Sperling Prostate Center

Can MRI Imaging Resolve The PSA Controversy?

UPDATE: 10/21/2021
Originally published 1/18/2014

Beyond doubt, PSA screening for prostate cancer (PCa) has saved hundreds of thousands of lives since the blood test was introduced in the mid-1990s. However, the classical screening strategy involved a pathway from a suspiciously high or rising PSA directly to conventional 12-needle (or more) TRUS biopsy. Since this, in turn, led to countless men suffering the urinary, sexual and bowel side effects of overtreatment, it is clear that the system is dysfunctional. Since 2012, there has been ongoing controversy about the merits of the PSA test.

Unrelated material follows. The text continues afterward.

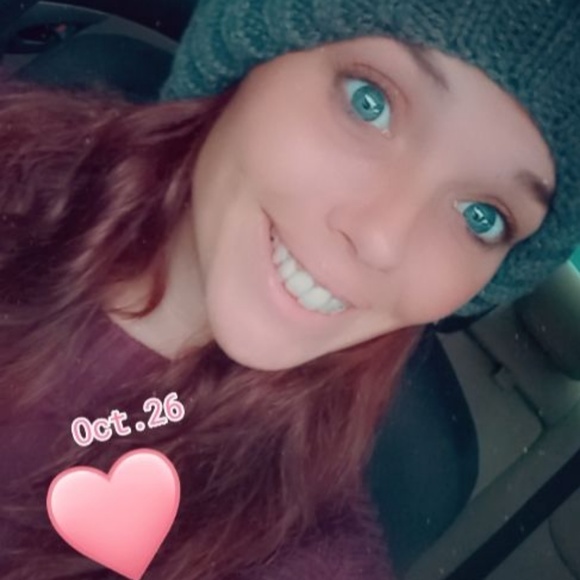 Profile Picture of Shelly Tippie (@shellytippie) on Poshmark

The blog below made the case for resolving the controversy by following a suspicious PSA with multiparametric MRI (mpMRI) before proceeding to biopsy. This would filter out men who do not need a biopsy. It was good thinking in early 2014 when we posted it, and it’s still valid seven years later.

Many urologists would protest that MRI is too expensive to be used in this way. Not so, finds a Dutch study published In May, 2021. A research team calculated the cost effectiveness of a model that would incorporate mpMRI into a population-based screening strategy that starts with PSA; in this model, a suspicious PSA would be followed by mpMRI, which could then lead to an MRI-targeted biopsy if indicated. Their analytic projection took into account test sensitivity parameters for the mpMRI and MRI guided biopsy, grade misclassification rates, utility estimates, and the unit costs of different interventions.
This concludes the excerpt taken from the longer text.